*ENTRIES SHOWN*:
____________________

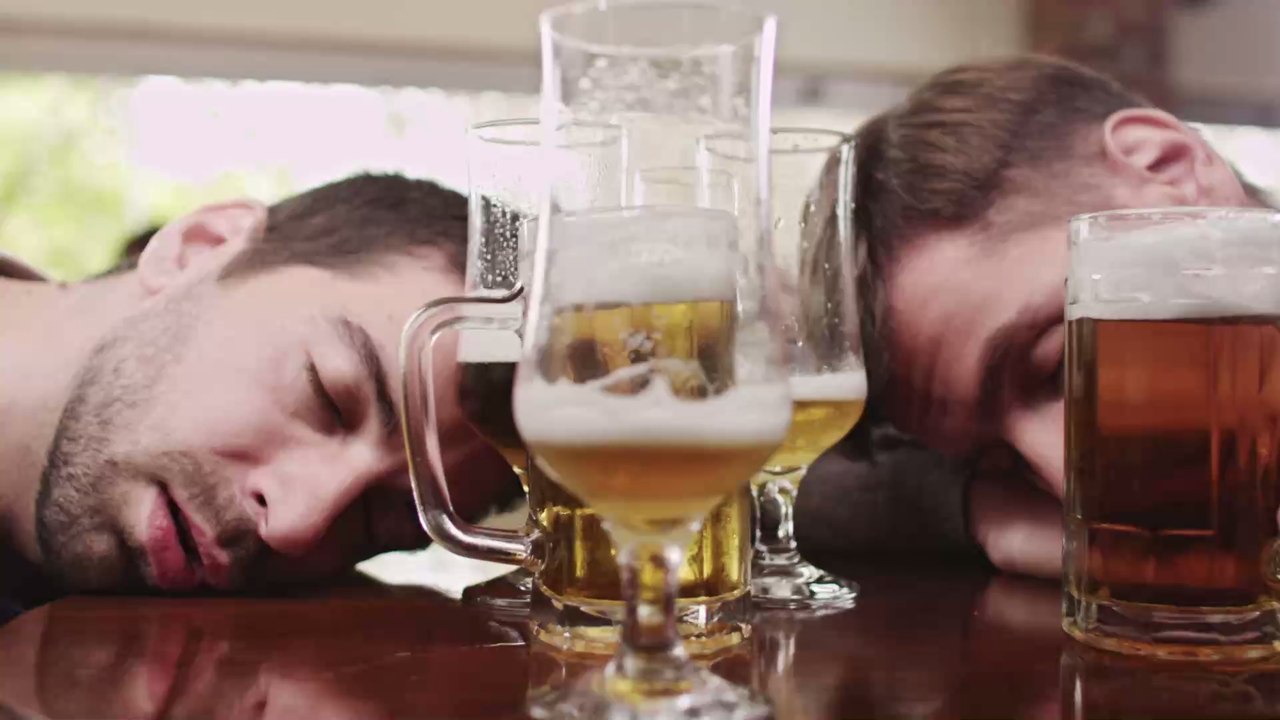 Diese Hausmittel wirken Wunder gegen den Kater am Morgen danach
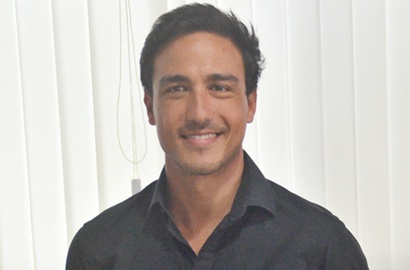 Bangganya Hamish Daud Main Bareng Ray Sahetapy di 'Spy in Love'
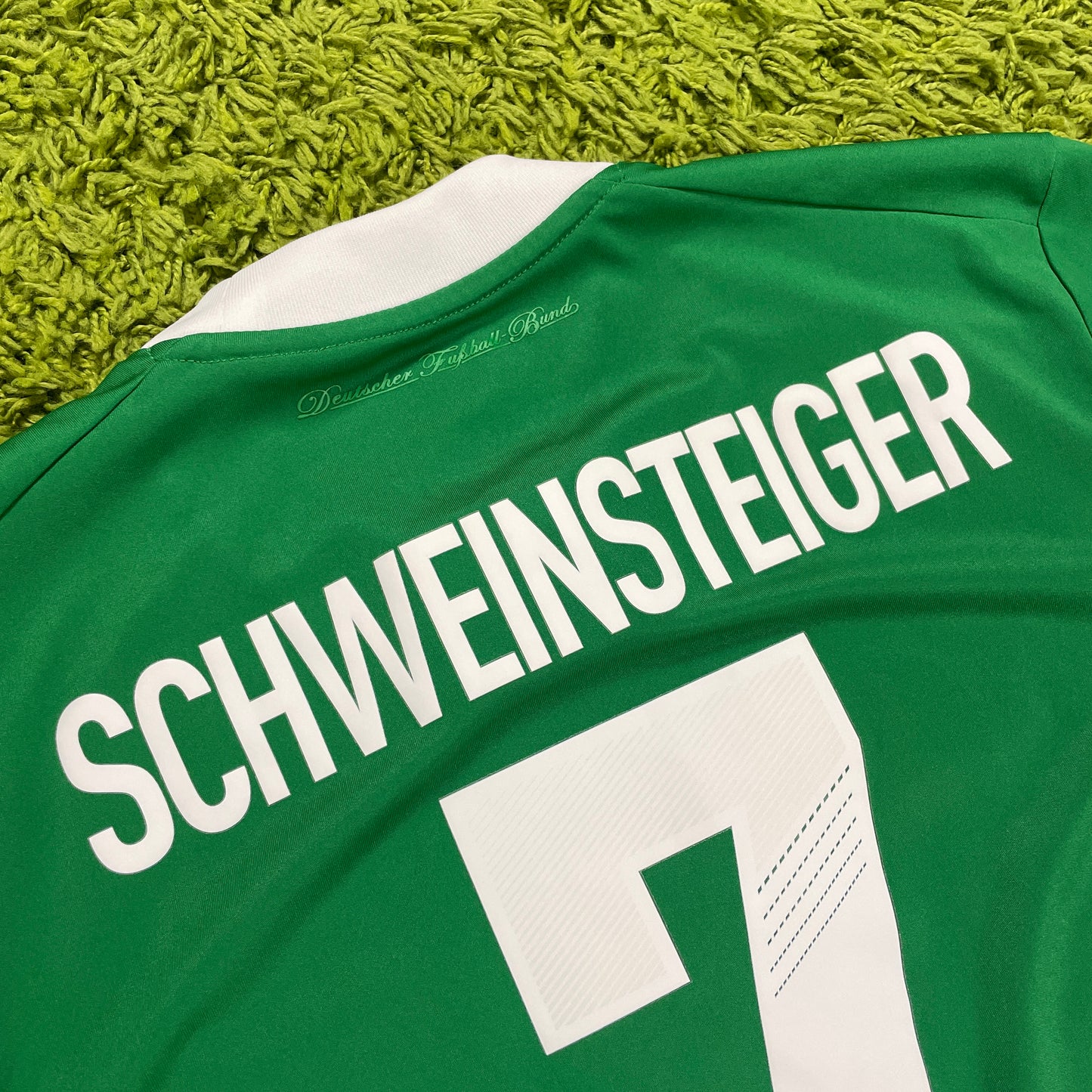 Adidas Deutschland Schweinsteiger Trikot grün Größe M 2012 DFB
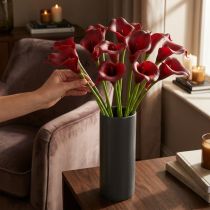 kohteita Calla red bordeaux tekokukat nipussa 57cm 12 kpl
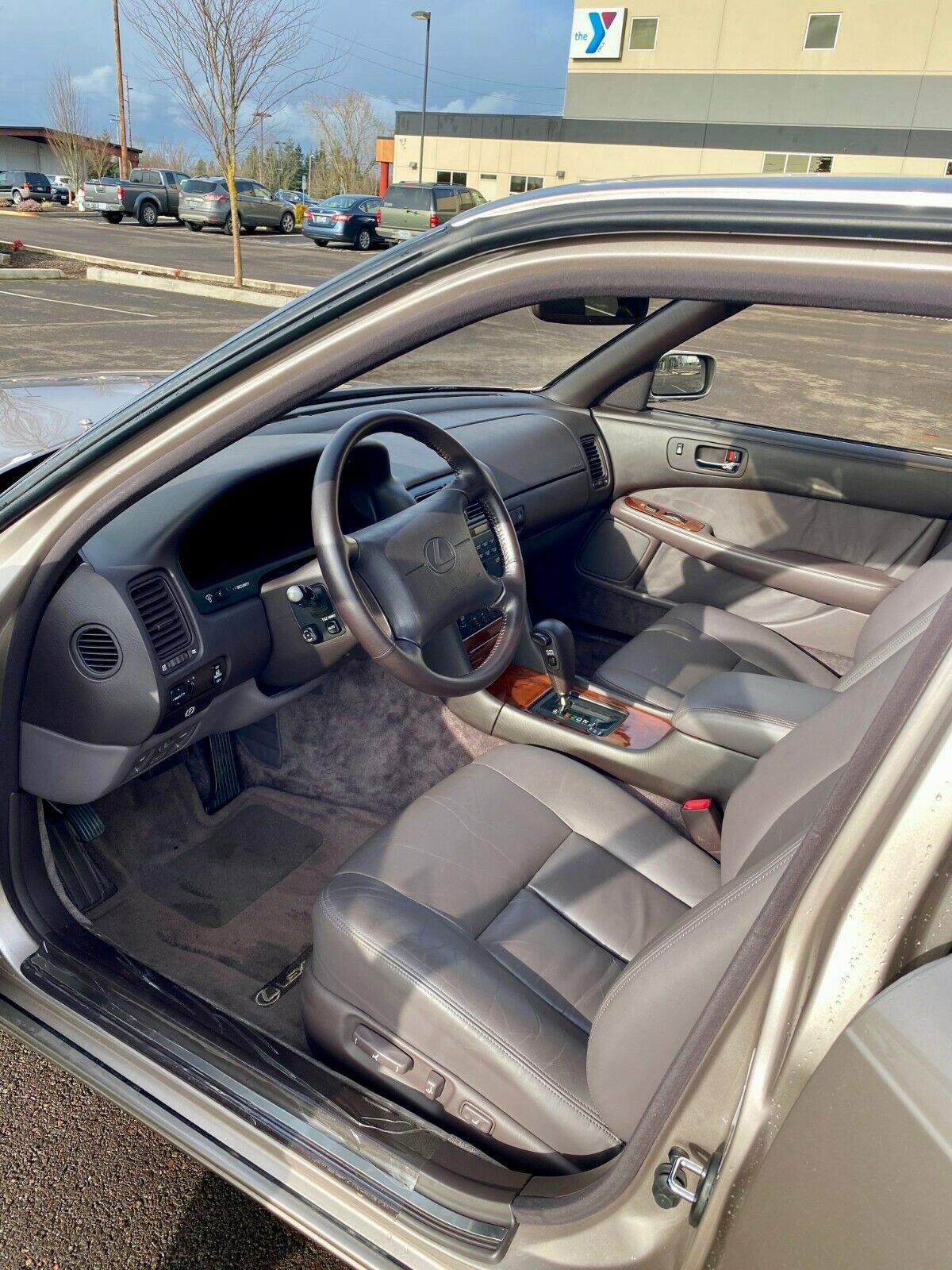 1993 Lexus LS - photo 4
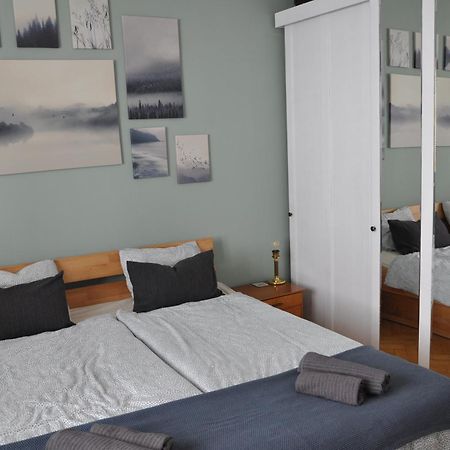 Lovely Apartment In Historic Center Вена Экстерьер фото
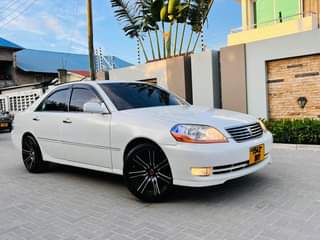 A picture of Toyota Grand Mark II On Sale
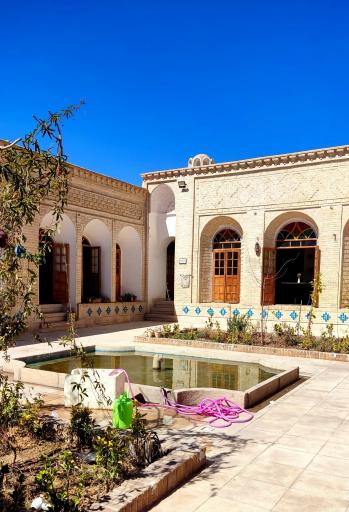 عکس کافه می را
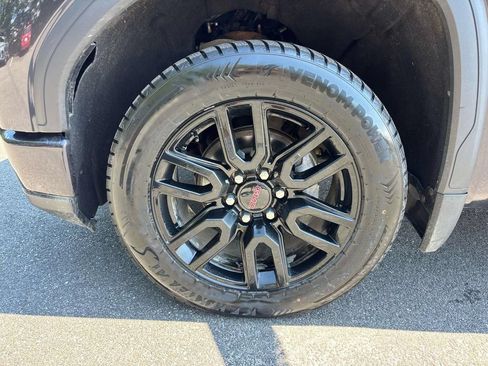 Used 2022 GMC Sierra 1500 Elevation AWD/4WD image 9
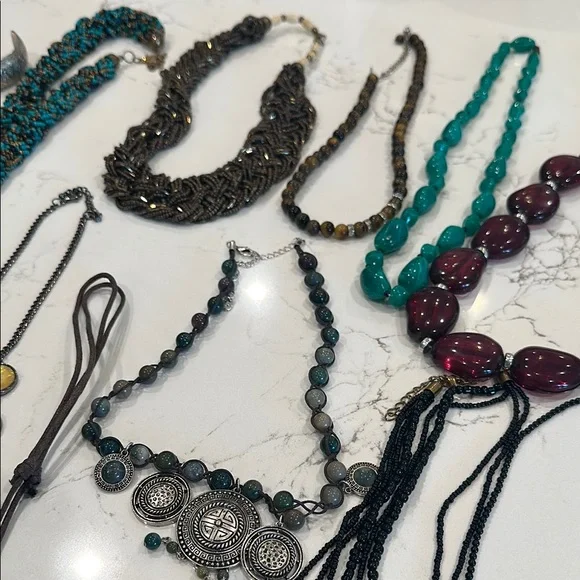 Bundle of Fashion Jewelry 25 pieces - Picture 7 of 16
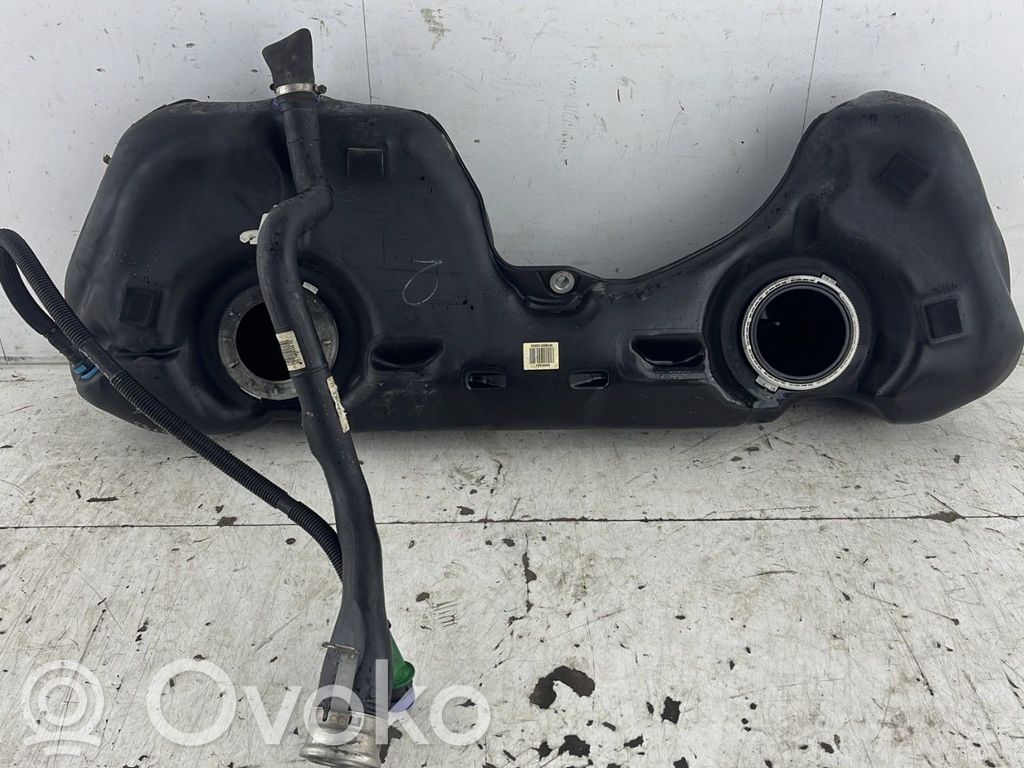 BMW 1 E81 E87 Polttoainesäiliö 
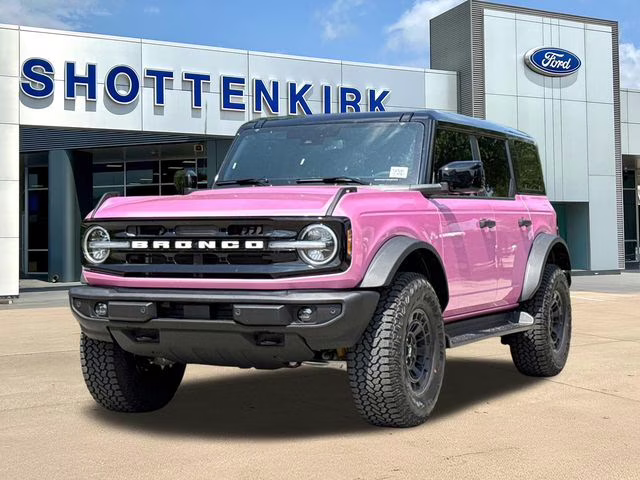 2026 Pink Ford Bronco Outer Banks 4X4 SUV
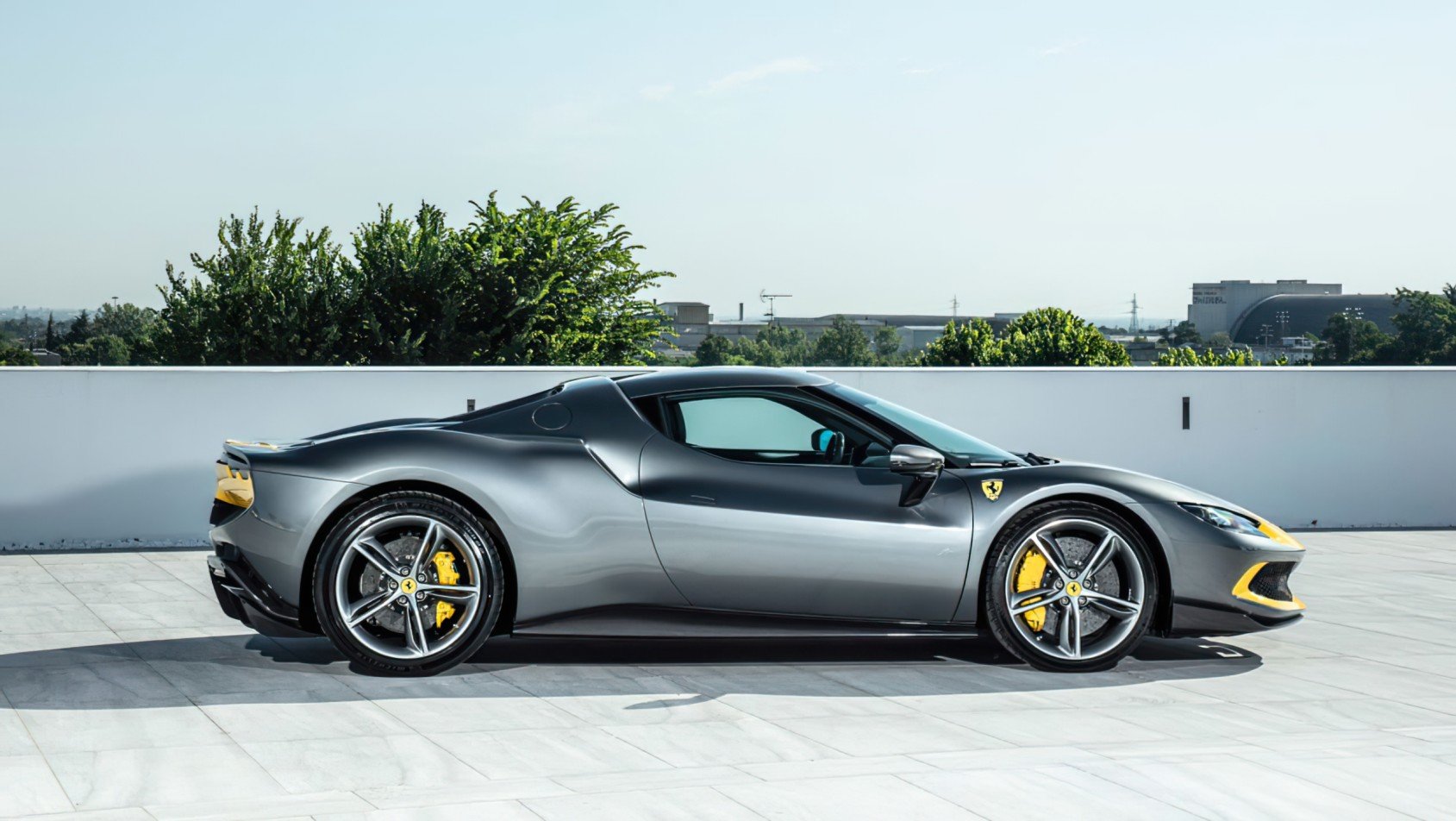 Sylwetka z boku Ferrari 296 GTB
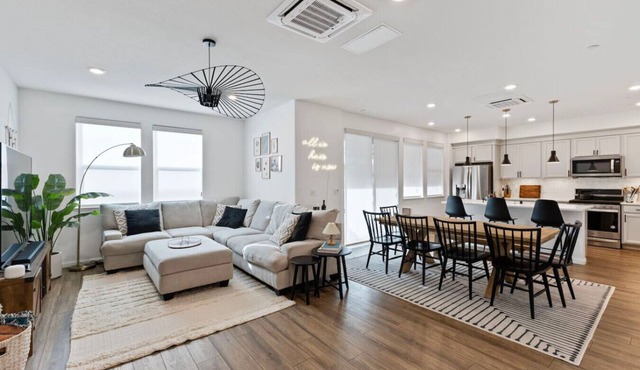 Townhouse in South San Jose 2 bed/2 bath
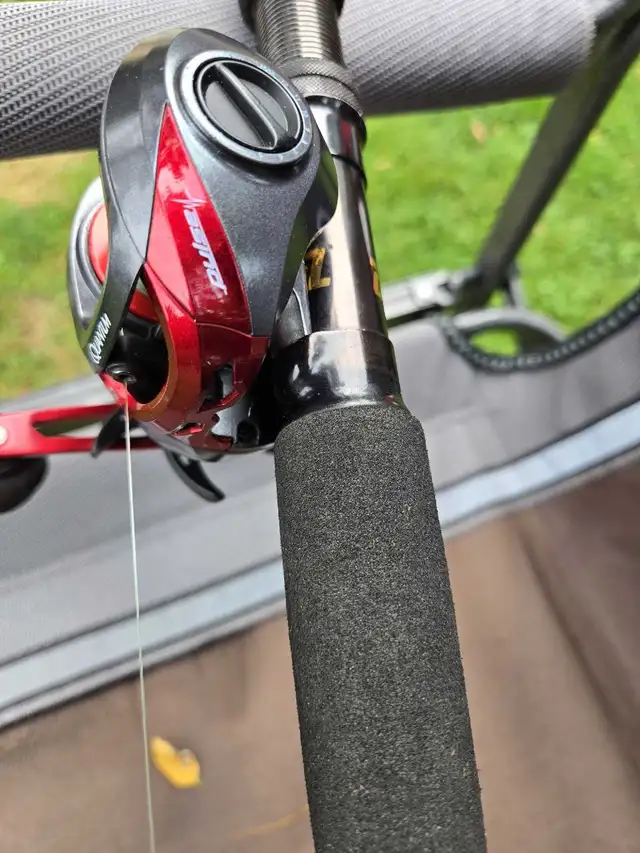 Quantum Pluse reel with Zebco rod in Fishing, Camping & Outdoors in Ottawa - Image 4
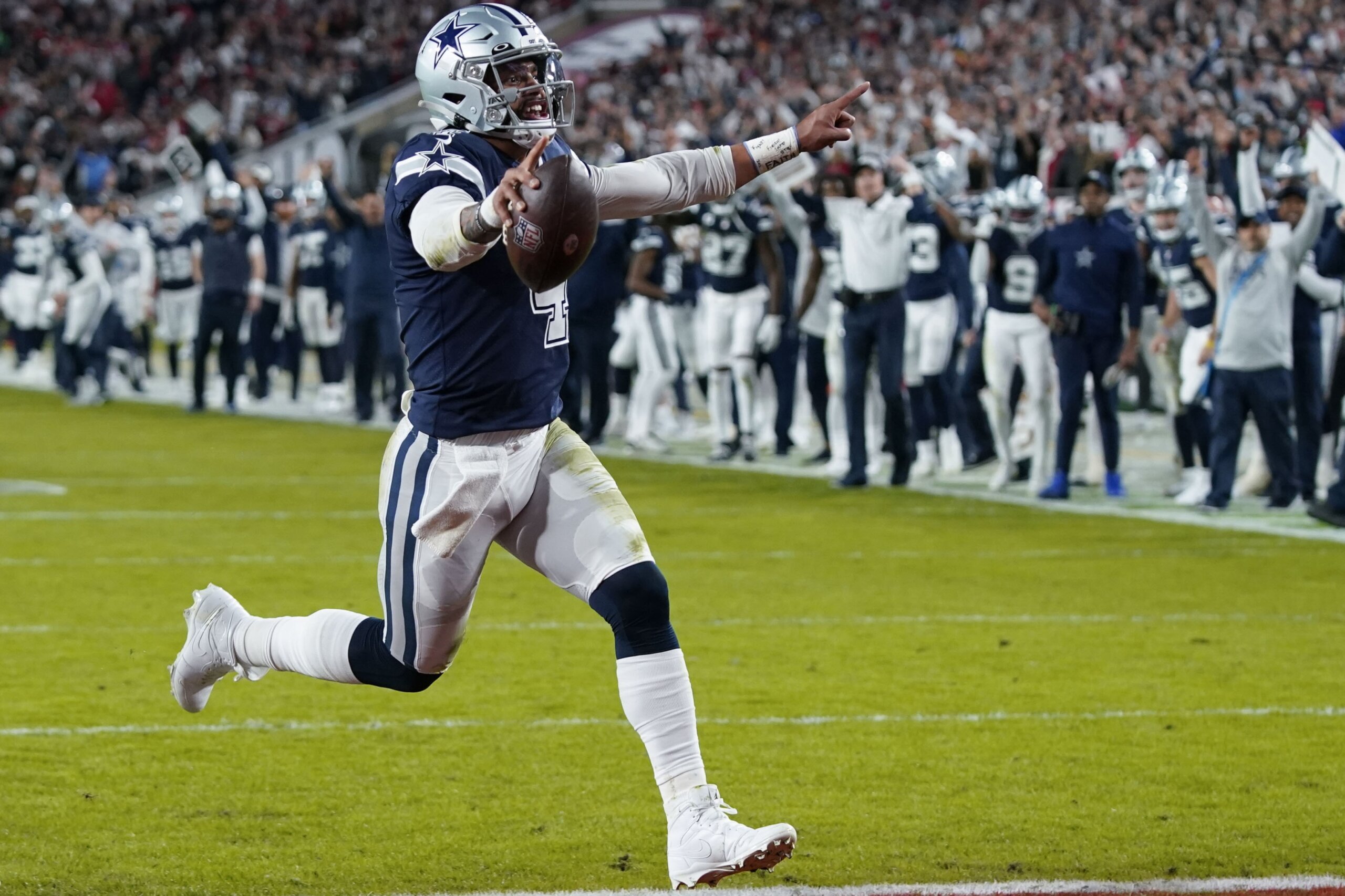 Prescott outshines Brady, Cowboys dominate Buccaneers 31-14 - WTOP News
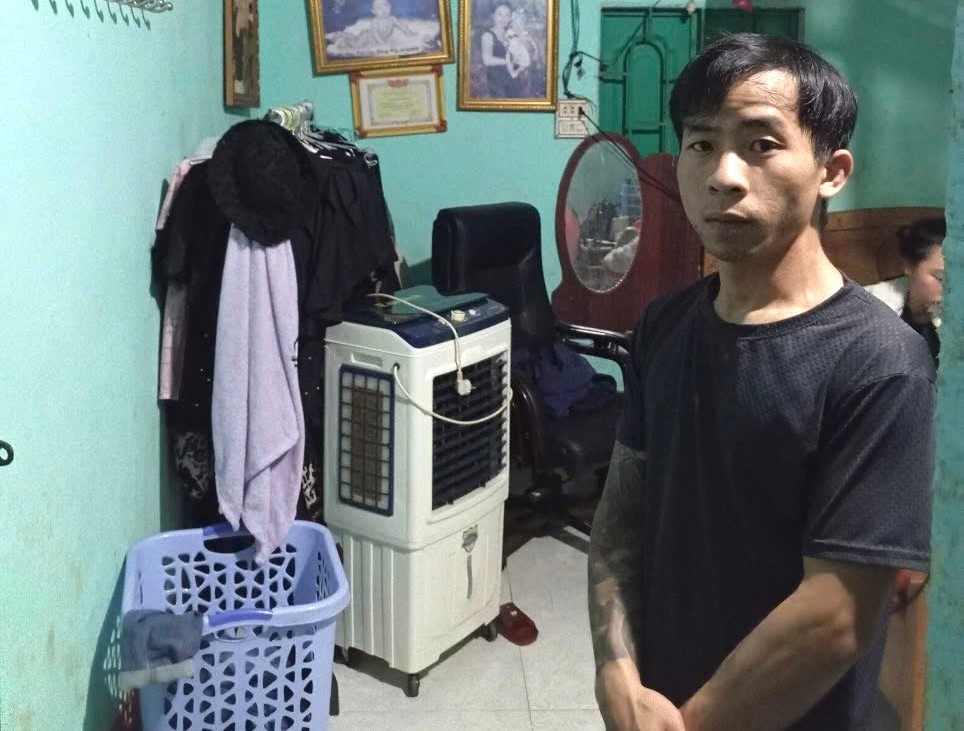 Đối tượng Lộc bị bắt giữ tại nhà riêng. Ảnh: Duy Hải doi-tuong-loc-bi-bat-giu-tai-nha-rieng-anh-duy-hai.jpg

____________________

*TASK DIRECTIONS*:
From the first line to the last, retype the data above exactly, but not its images.

*ANSWER AREA*:
 Diese Hausmittel wirken Wunder gegen den Kater am Morgen danach
 Bangganya Hamish Daud Main Bareng Ray Sahetapy di 'Spy in Love'
 Adidas Deutschland Schweinsteiger Trikot grün Größe M 2012 DFB
 kohteita Calla red bordeaux tekokukat nipussa 57cm 12 kpl
 1993 Lexus LS - photo 4
 Lovely Apartment In Historic Center Вена Экстерьер фото
 A picture of Toyota Grand Mark II On Sale
 عکس کافه می را
 Used 2022 GMC Sierra 1500 Elevation AWD/4WD image 9
 Bundle of Fashion Jewelry 25 pieces - Picture 7 of 16
 BMW 1 E81 E87 Polttoainesäiliö 
 2026 Pink Ford Bronco Outer Banks 4X4 SUV
 Sylwetka z boku Ferrari 296 GTB
 Townhouse in South San Jose 2 bed/2 bath
 Quantum Pluse reel with Zebco rod in Fishing, Camping & Outdoors in Ottawa - Image 4
 Prescott outshines Brady, Cowboys dominate Buccaneers 31-14 - WTOP News
 Đối tượng Lộc bị bắt giữ tại nhà riêng. Ảnh: Duy Hải doi-tuong-loc-bi-bat-giu-tai-nha-rieng-anh-duy-hai.jpg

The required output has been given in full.